Hacker News new | ask | show | jobs
by user5994461 2160 days ago
Oh right that's not much, only 3000 metrics per host. I guess we see more scaling problems because we have more metrics and tags (physical hosts with 128 CPU, imagine the per CPU metrics just to begin with). I spent days as well testing all the collectors and tuning things carefully.

That's all very interesting.

1 comments

Sorry I just picked one datacenter, so, 1/5h of the hosts or 15k metrics per host with some rudimentary math!

Our data lives on each datacenter only and then we query cross datacenter via grafana when we need.

Alright. More data in total but less per server because it's distributed.

We run a pair of servers both storing everything. It's the least that can be done to have any resiliency.

I would love to distribute the data, preferably per continent, but prometheus didn't have a good story on sharding. Running independent dataset is worthless in practice without the ability to aggregate. Also, the more servers the more expensive (and they're not easy to procure). Running 6 prometheus servers is in the same ballpark as paying for datadog, so might as well just pay for it.

We don't care so much about resiliency, we do backup the prometheus folder using the snapshot api.

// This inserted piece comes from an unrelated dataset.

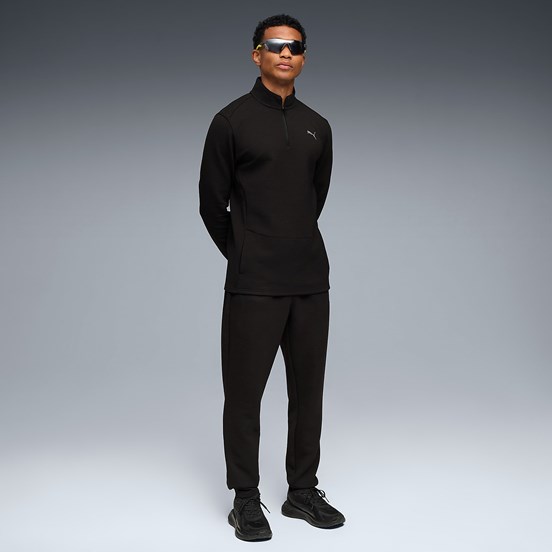PUMA Siyah Erkek M Cloudspun 1/4 Zip Baskılı T-Shirt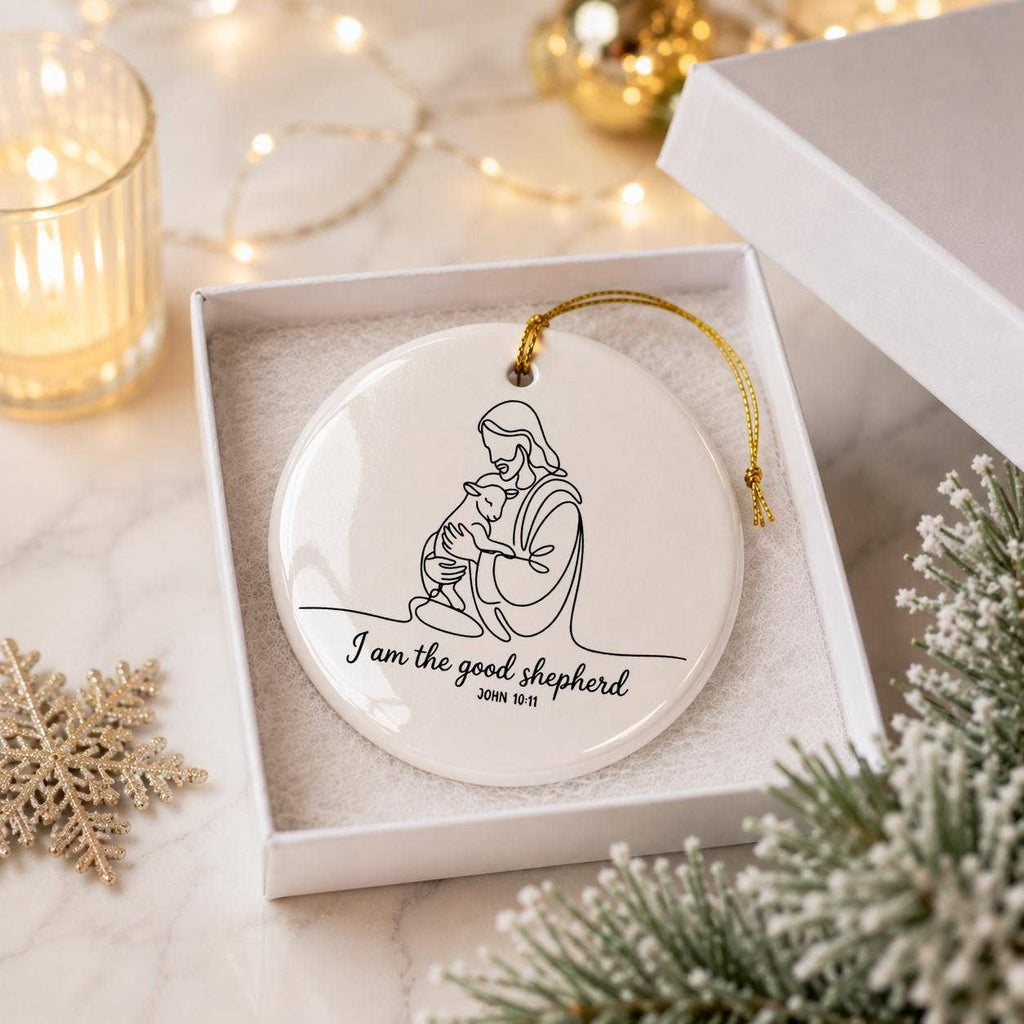 I Am the Good Shepherd John 10:11 Ceramic Christmas Ornament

There are a couple of articles about sharding and federation with prometheus, dunno if they existed when you tried it.

For us our problems are usually local to a datacenter. Having a dropdown where you can pick the datacenter has proven good enough. It is unlikely that we have a global issue in a service.

Sorry if unclear but we have our own datacenters, our prometheus VMs are essentially free in the grand scheme of things considering the number of compute we have.